When an individual sees two visual images instead of one, the condition is referred to as diplopia. Double vision is common with several conditions, both of the eye and other parts of the body. Sinus problems, thyroid conditions, and drug or alcohol addiction can produce this effect, but it is also a symptom of impending vision loss.
Early Symptoms of Going Blind
It can be difficult to spot the warning signs when a person is starting to go blind. In many cases, early symptoms of blindness or vision loss can go completely unnoticed or be minimized once they do begin to appear. Knowing the physical signs of visual impairment can mean the difference between immediate treatment and partial or complete blindness later. Symptoms can display in one or more of the following ways:
- Squinting: Excessive squinting of the eyes, often accompanied by tilting of the head or leaning in too closely, can indicate diminished vision. Individuals may squint when reading, writing or recognizing friends and family.
- Change in movement: Those who cannot see clearly may move more slowly or become clumsy. Slowly walking up and down a flight of stairs, or stumbling over obvious obstacles, could mean someone is having trouble seeing.

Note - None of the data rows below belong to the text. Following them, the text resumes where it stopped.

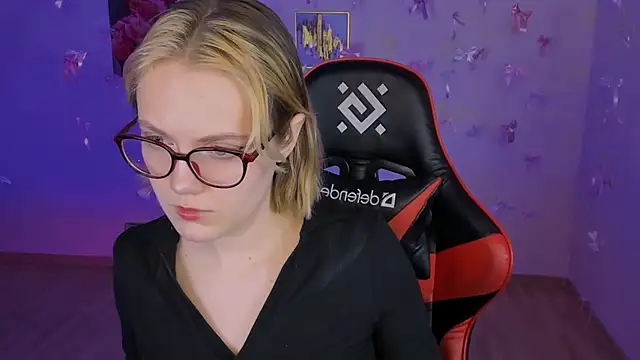 Snapshot of madeline_doll chatting on 02.02.26 madeline doll online show from 02.02.26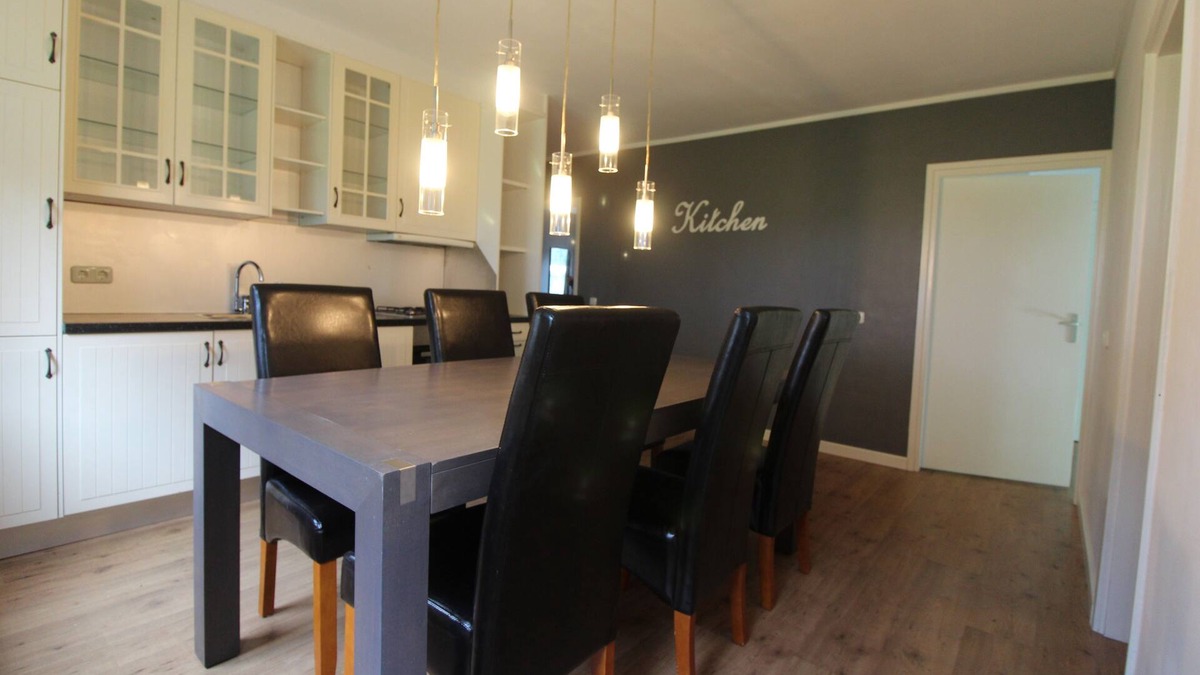 Deurne House | with us you come for a rest and a nice get together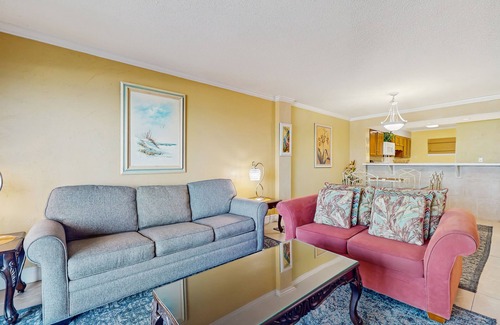 Fort Walton Beach Condo | Gorgeous beachfront condo, shared pool and beach access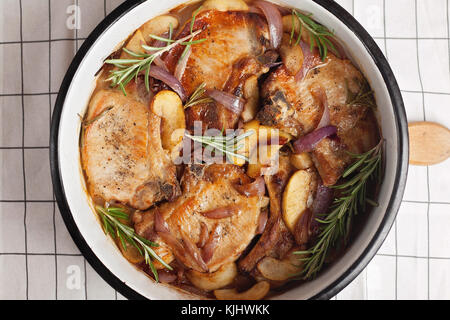 Casseruola di maiale con cipolla, apple e rosmarino Foto Stock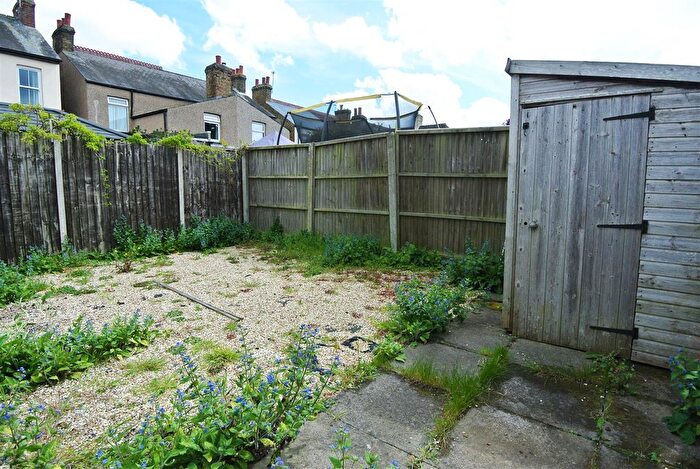 2 Bedroom Terraced House To Rent In Clarendon Road, Ashford, TW15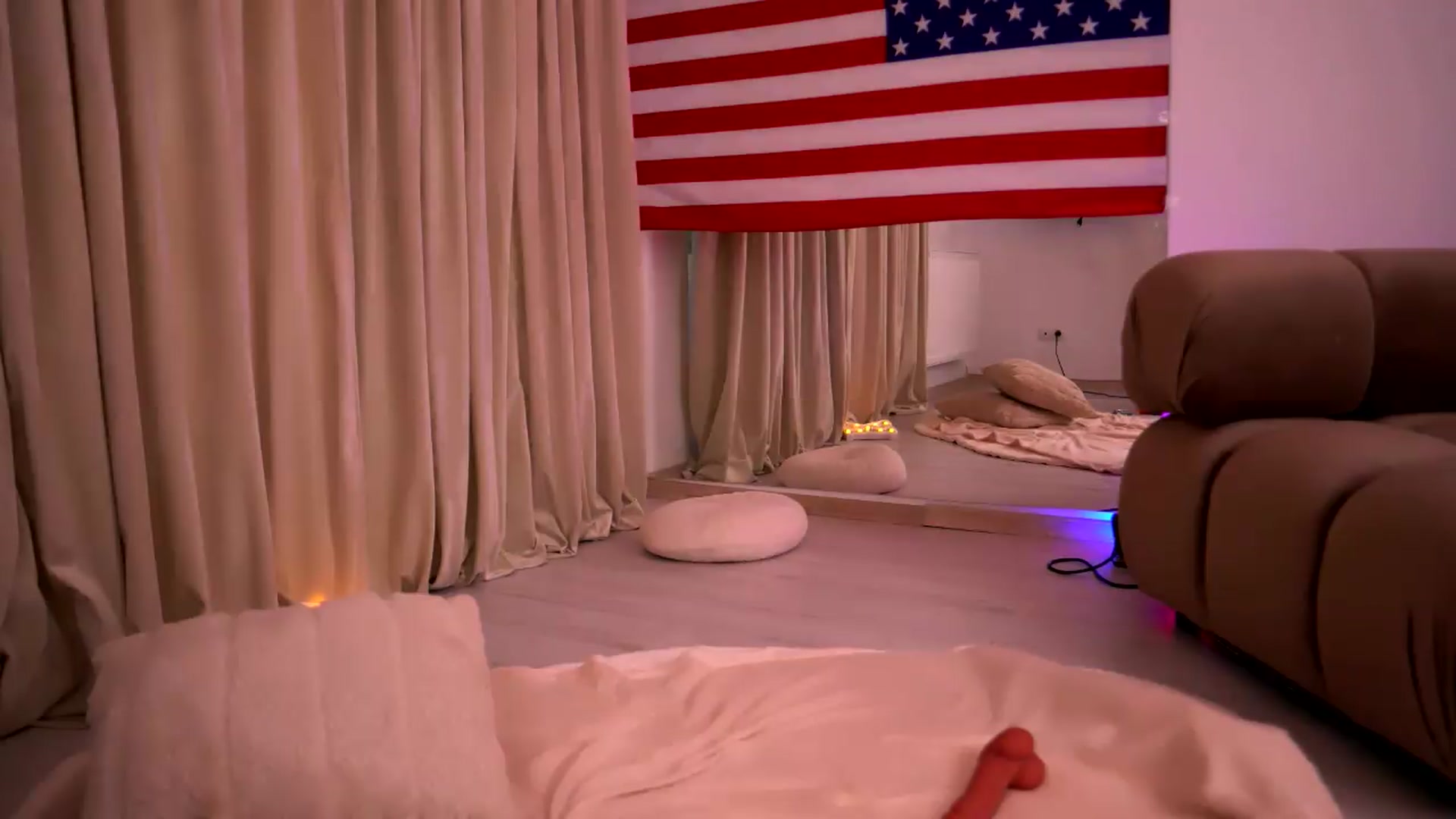 Gallery image thumbnail from KylieJoyce's myfreecams stream on, 07/18/2026, 04:02 image 12 of 20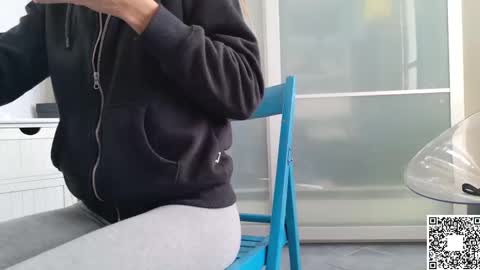 Snapshot of emilyweed chatting on February 17, 9:35 am Emily ----  online show from February 17, 9:35 am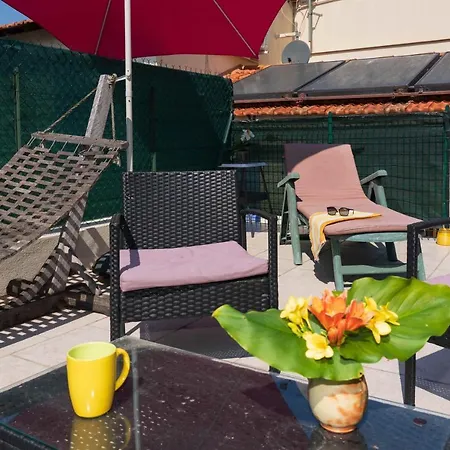 Maison Jumelee Avec Terrasse Et Parking A * Antibes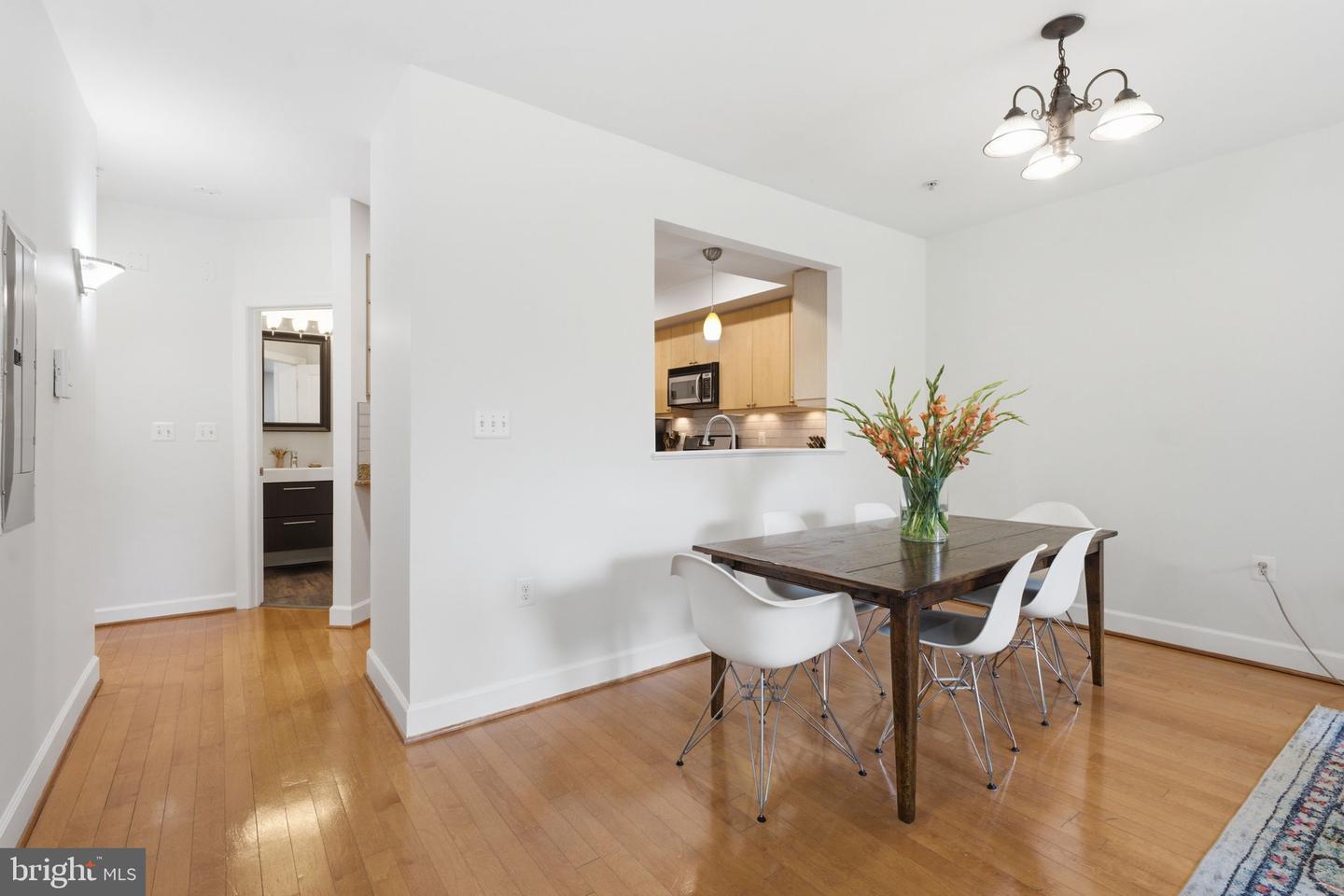 1358 Monroe St Nw #b Property Photo 10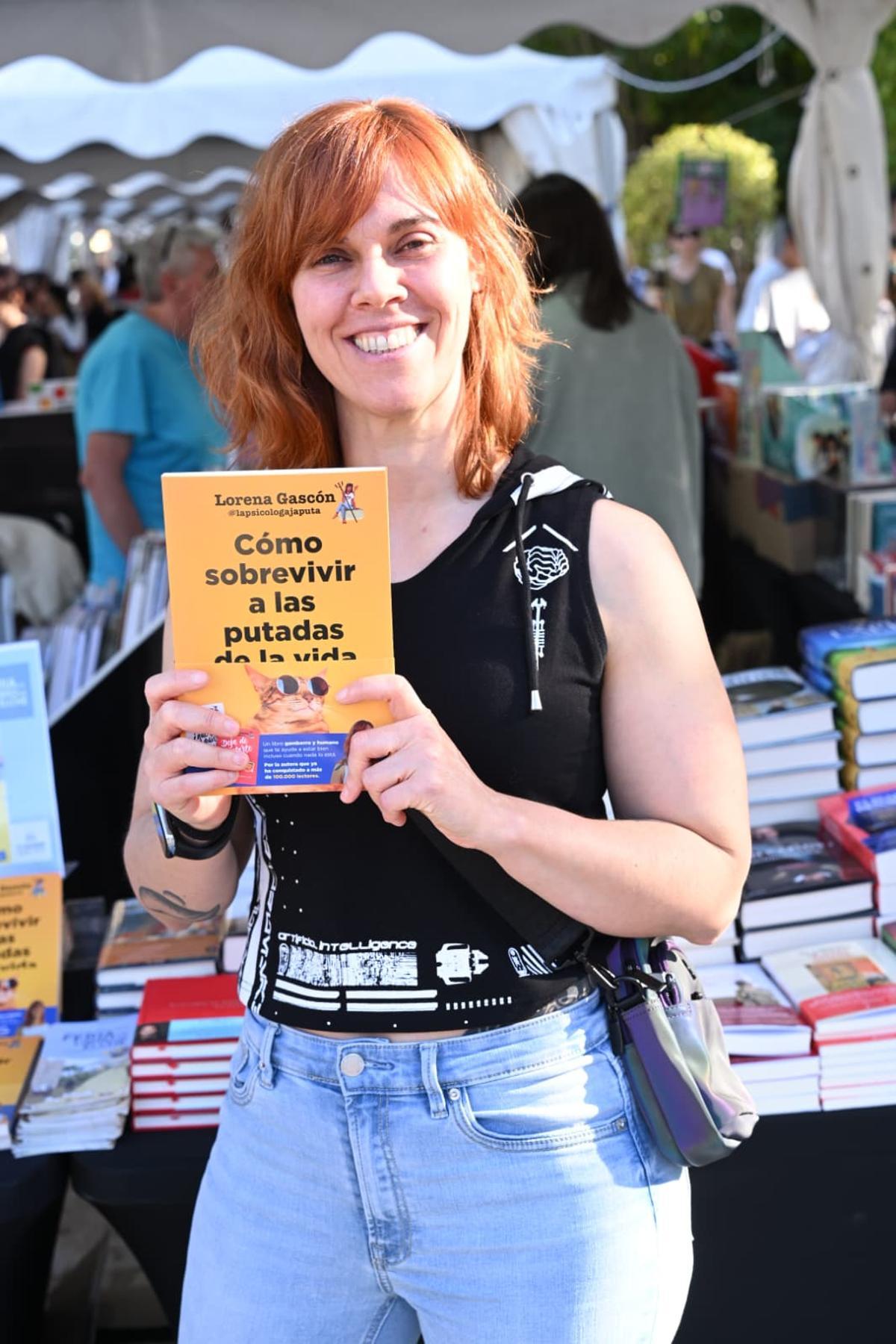 Lorena Gascón con su último libro, "Cómo sobrevivir a las putadas de la vida", este pasado viernes en Elche.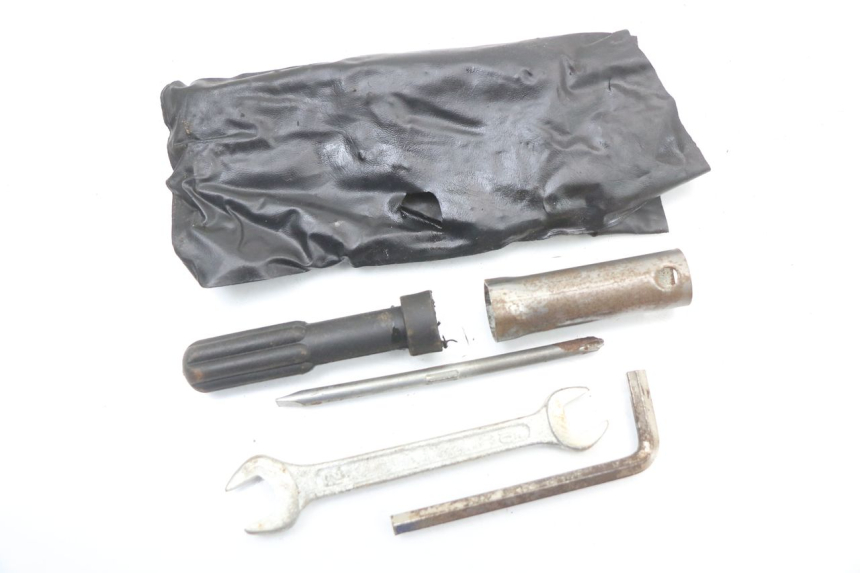 photo de KIT DI ATTREZZI JONWAY AZTRAL 125 (2008 - 2017) - Dettaglio del componente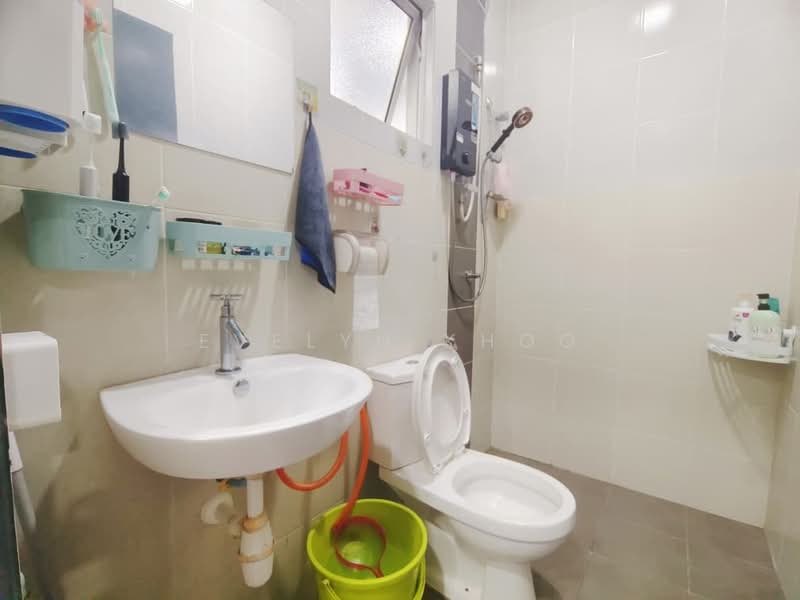 2-storey Terraced House for Sale in Taman Scientex Rawang (Rawang) - Evelyn Khoo - Bathroom - PropertyGuru.com.my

- Eye irritation: Persistent and discernible redness is an apparent sign that an eye is irritated. Individuals with eye discomfort or pain may also blink more than normal or rub their eyes frequently.
Some groups of people, such as young children, may not be able to adequately communicate changes to eyesight. Thus, it is important to observe behaviors and notice the early physical signs of vision loss or blindness.
Signs of Going Blind From Diabetes
Diabetes is a disease that causes vascular complications, which can increase a person's risk of developing eye and vision problems if left untreated. An eye condition known as diabetic retinopathy occurs as a result of high glucose levels in the bloodstream damaging and weakening blood vessels in the eye. Fluid may accumulate in the eye and distort the shape of the retina, which alters an individual’s vision.
The early stages of diabetic retinopathy do not typically produce symptoms, so it can be more difficult to diagnose until the later stages. Typically, symptoms will present in both eyes. Signs of blindness caused by diabetic retinopathy may include:
- Blurry or impaired vision
- Sudden color blindness
- Poor night vision
- Sudden and acute loss of eyesight
The best way for an individual to prevent the onset of diabetic retinopathy is to seek treatment for diabetes and schedule annual eye exams with a doctor.
Signs of Going Blind From Glaucoma
Glaucoma refers to a category of eye disease that damages the optic nerve, which can cause vision loss and blindness over time. The most common form of glaucoma found in the United States is called open-angle glaucoma, though the medical profession recognizes many different types of the disease.
In a similar fashion to diabetic retinopathy, the early stages of glaucoma often go unnoticed. Many individuals with glaucoma do not know they have it until their vision begins to deteriorate. While the disease tends to affect only one eye, it can occur in both eyes. Glaucoma can impede one's health in the following ways:
- Loss of peripheral vision
- Blurred vision
- Dilated pupils
- Headaches and nausea
- Irritation or pain in the eye
An early diagnosis and regimented treatment of glaucoma can prevent substantial damage to the optic nerve and protect vision in the long term.